San Benito nació hacia el año 480 en Nursia, en la región de Umbría, Italia, en el seno de una
familia noble romana. Desde muy joven fue enviado a Roma para completar su educación, pero
pronto se sintió profundamente afectado por la decadencia moral de la ciudad. Viendo que la
vida en Roma lo alejaba de Dios, abandonó sus estudios y su posición social, y se retiró en
busca de una vida de soledad y oración. Se estableció en una cueva en Subiaco, donde vivió
como ermitaño durante aproximadamente tres años. Durante ese tiempo, fue asistido por un
monje llamado Romano, quien le llevaba alimentos y lo protegía del mundo exterior. Allí, en el
silencio y la penitencia, Benito fue creciendo en santidad, fortalecido por la gracia y por una vida
de sacrificio y contemplación.
Con el tiempo, su fama de santidad se extendió y comenzaron a acudir hombres deseosos de
aprender de él.

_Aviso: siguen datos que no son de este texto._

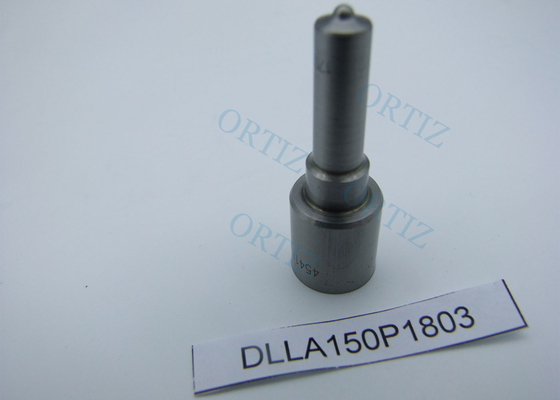 ORTIZ ChaoChai DCDC4102H 0455110333 injector diesel nozzle DLLA150P1803, DLLA 150 P1803 CR nozzle Parts 0 433 172 097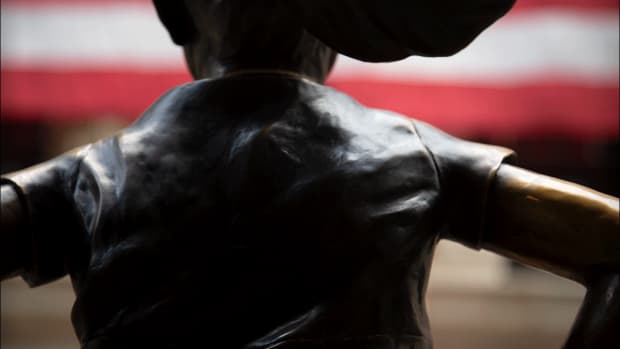 To Cut or Not To Cut? It Is a Dramatic Week for the Fed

Algunos le pidieron que fuera su abad, pero al no aceptar su estilo de vida
austero, intentaron envenenarlo. Según la tradición, cuando Benito bendijo la copa que le
ofrecieron, ésta se rompió milagrosamente. A pesar de estos conflictos, Benito continuó guiando
a quienes deseaban seguir a Cristo de manera más radical. Fundó doce monasterios en la
región de Subiaco, y finalmente, alrededor del año 529, fundó el monasterio de Montecassino,
sobre una colina entre Roma y Nápoles. Fue allí donde escribió su famosa Regla para los
Monjes, conocida como la Regla de San Benito.
La Regla no era una serie de normas frías, sino una guía llena de sabiduría espiritual y sentido
común. Establecía un equilibrio entre la oración, el trabajo manual, la lectura espiritual y la vida
en comunidad bajo la obediencia al abad. Su lema, “ora et labora” (reza y trabaja), resumía una
visión integral de la vida cristiana, donde todo lo que se hace, si es ofrecido a Dios, se convierte
en oración. Gracias a su Regla, que se difundió rápidamente por Europa, Benito fue considerado
el padre del monacato occidental. Su modelo monástico se convirtió en un pilar de la vida
espiritual, cultural y social de Europa durante siglos. En los monasterios benedictinos se
conservó el saber antiguo, se copiaron manuscritos, se formaron comunidades cristianas, y se
evangelizó a los pueblos que llegaban al continente tras la caída del Imperio Romano.
San Benito vivió con profunda fe, guiando a sus monjes no solo con sabiduría, sino también con
ejemplo. Se le atribuyen muchos milagros y dones espirituales, entre ellos el de la profecía y la
visión. Una de las más conocidas fue cuando vio el alma de su hermana, Santa Escolástica,
subir al cielo en forma de paloma, poco después de haber pasado un día con él conversando
sobre las cosas de Dios. Días después, él mismo enfermó y murió piadosamente el 21 de marzo
del año 547, de pie, orando, sostenido por sus hermanos, después de haber recibido el
Santísimo Sacramento.
Esa fecha, el 21 de marzo, fue durante muchos siglos el día de su memoria litúrgica. Sin
embargo, como casi siempre cae dentro del tiempo de Cuaresma, la Iglesia decidió trasladar su
celebración litúrgica al 11 de julio, para que pudiera ser celebrada con más solemnidad. Esta
decisión se consolidó cuando, en 1964, el papa Pablo VI proclamó a San Benito Patrono
Principal de Europa, reconociendo su papel decisivo en la formación espiritual y cultural del
continente europeo. Fue gracias a sus monjes que muchas regiones de Europa recibieron no
solo el Evangelio, sino también estructuras de vida civilizadas, trabajo organizado, educación y
asistencia a los pobres y enfermos.
Hoy, San Benito sigue siendo un modelo de vida centrada en Dios, en el silencio fecundo, en la
obediencia humilde, en la caridad fraterna y en la firmeza contra el mal. En un mundo agitado y
ruidoso, su ejemplo continúa siendo luz para quienes buscan paz en el corazón y estabilidad en
la fe.Se lo recuerda litúrgicamente el 11 de julio.